MCA IS TO ANNOUNCE SHORTLY
The
ministry of corporate affairs (MCA) is expected to announce the plan for
dematerialisation of shares over the next few weeks as it wants to ensure that
the real ownership is revealed through the exercise, besides making it easier
to track the shareholders, sources told TOI.
At
the end of March 2017, there were close to 11.7 lakh active companies in India,
but the requirement for dematerialisation of shares is currently in place only
for around 8,000 listed entities. Recognising that immediate dematerialisation
of shares for all companies is not possible, the initial focus will be on
public companies — a move that is expected to impact at least 5.5-6 crore
shareholders of such unlisted companies.
To Track the Real Beneficiaries
Parallelly, MCA is readying rules to provide for significant beneficial ownership aimed at tracking the real beneficiaries of shares as often benami holdings are found in shell companies. The new section that was inserted in the Companies Act is also part of the global fight against money laundering and came at the behest of Paris based Financial Action Task Force with countries such as the UK already is a member.

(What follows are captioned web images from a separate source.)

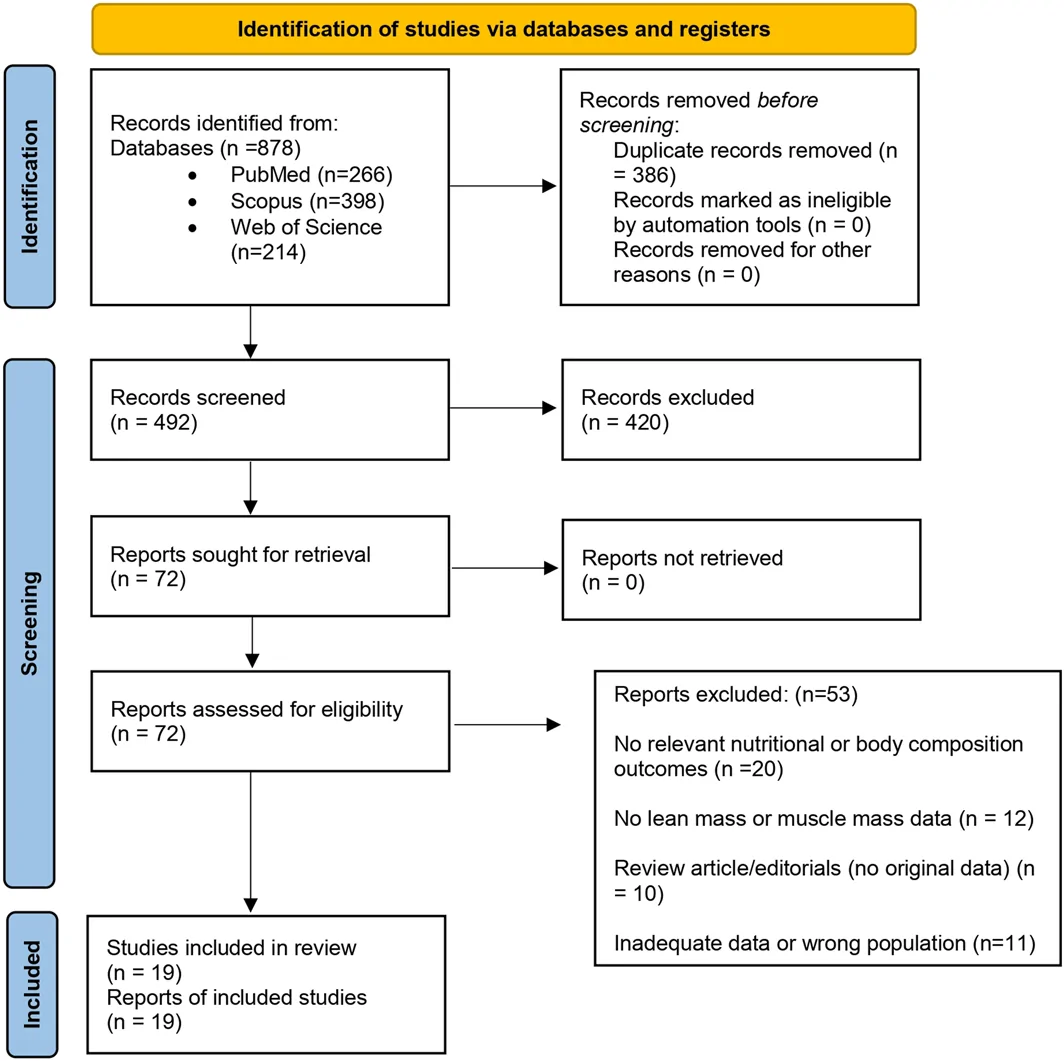 Figure 1. PRISMA 2020 Flow Diagram of Study Selection and Attrition.
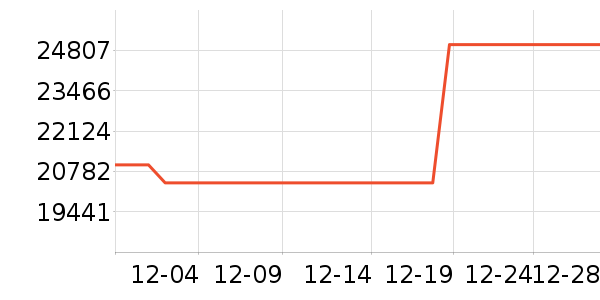 ��е�����ʼǱ�������ʷ�۸�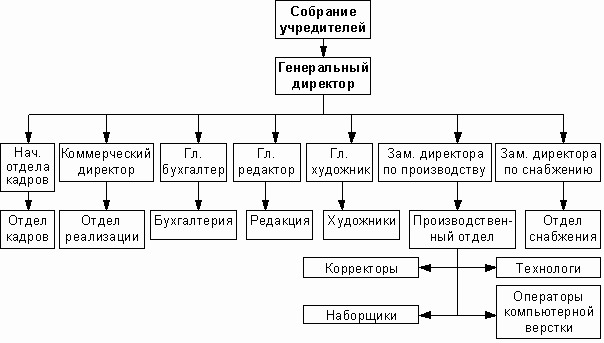 Реферат: Система адаптации персонала в ООО Юран Трейд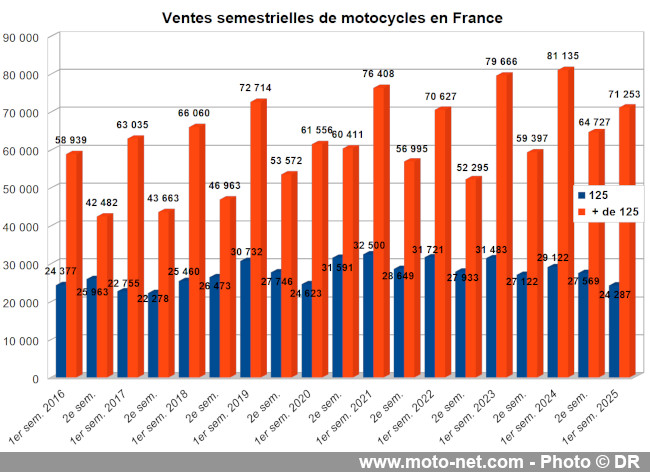 Bilan du marché de la moto et du scooter en France, les chiffres de juin 2025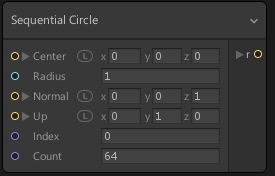 VisualEffectGraphのSequential Circle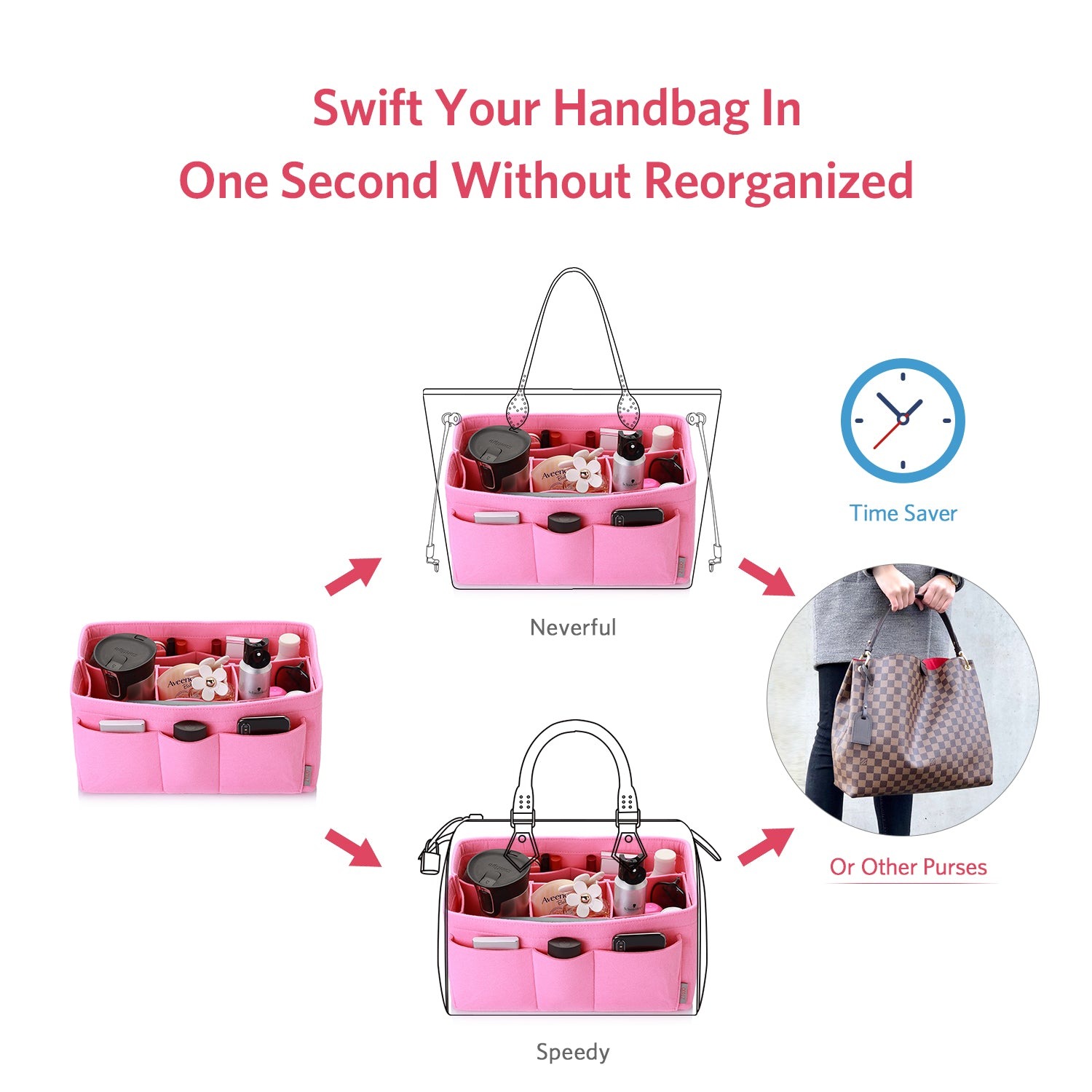 Filzeinlage-Beutelorganizer für Handtasche – Passt für LV Speedy 25 / 30 / 35 / 40, Neverfull MM / GM product image 54
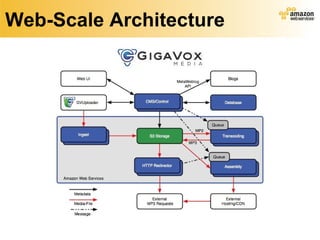 Web-Scale Architecture 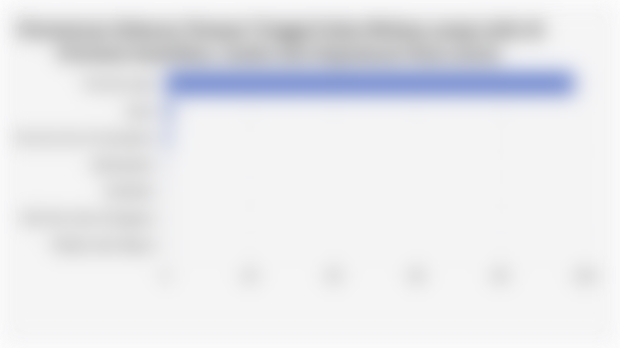 Persentase Sebaran Tempat Tinggal Suku Melayu yang Lahir di Provinsi Asal/Riau, Jambi, dan Kepulauan Riau (2020)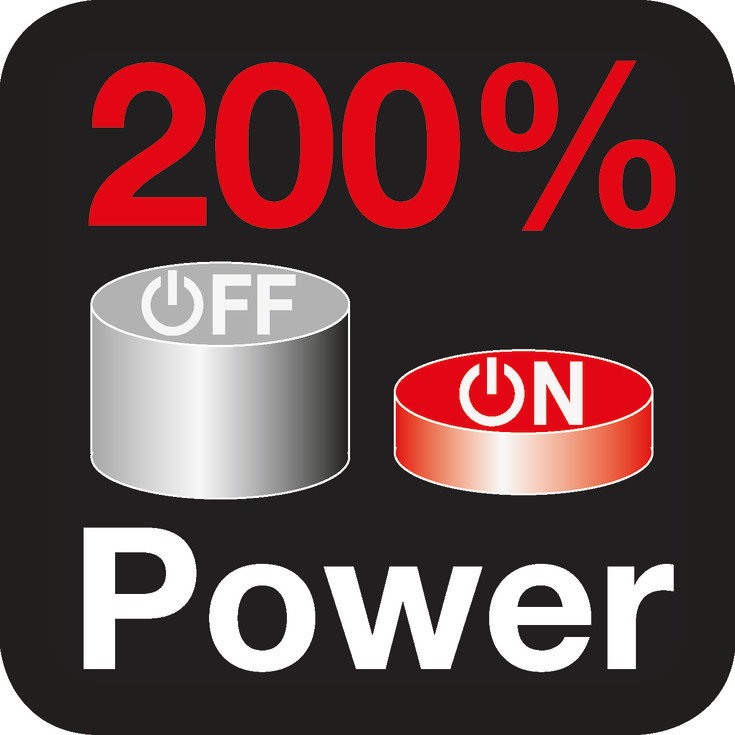 Wiha sidavbitare med bi-cut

To Register of “Beneficial Owners”.
The
law provides for maintaining of a register of “beneficial owners”. While the
Companies Act had said that the threshold for classification will be at least
25% or another level that is prescribed, MCA is expected to set the limit at
10%, increasing the ambit of the provisions to cover a larger base of
shareholders, who may be warehousing the shares for someone else.
To Avoid Benami Transactions
“There are cases where the real owner is someone else as the shares have been paid for through funding to another person. Similarly, I may be holding shares but I can have a back-to-back arrangement on voting. With the new rules, all these issues will be sorted out,” said a source.
Impact on FDI
The
move will also have significant implications for foreign investors, especially
in tightly-regulated sectors where 100% FDI is still not per mitted.
What Companies Act 2013 says
about Beneficial Ownership?
The
law provides for mandatory disclosure within a stipulated period and once the
rules are notified there will be a rush of filings as shares in most companies
are not widely held. A failure to disclose beneficial ownership can result in a
fine of up to Rs 50,000 with a daily penalty of Rs 1,000, if the failure to
comply with the rules continues. The Companies Act also allows the Centre to
investigate cases of beneficial ownership.
Courtesy
: Times of India
Very Good move, But what about the Shares held in companies under liquidation. Much more Likely hood Benami is there also. Who cares for?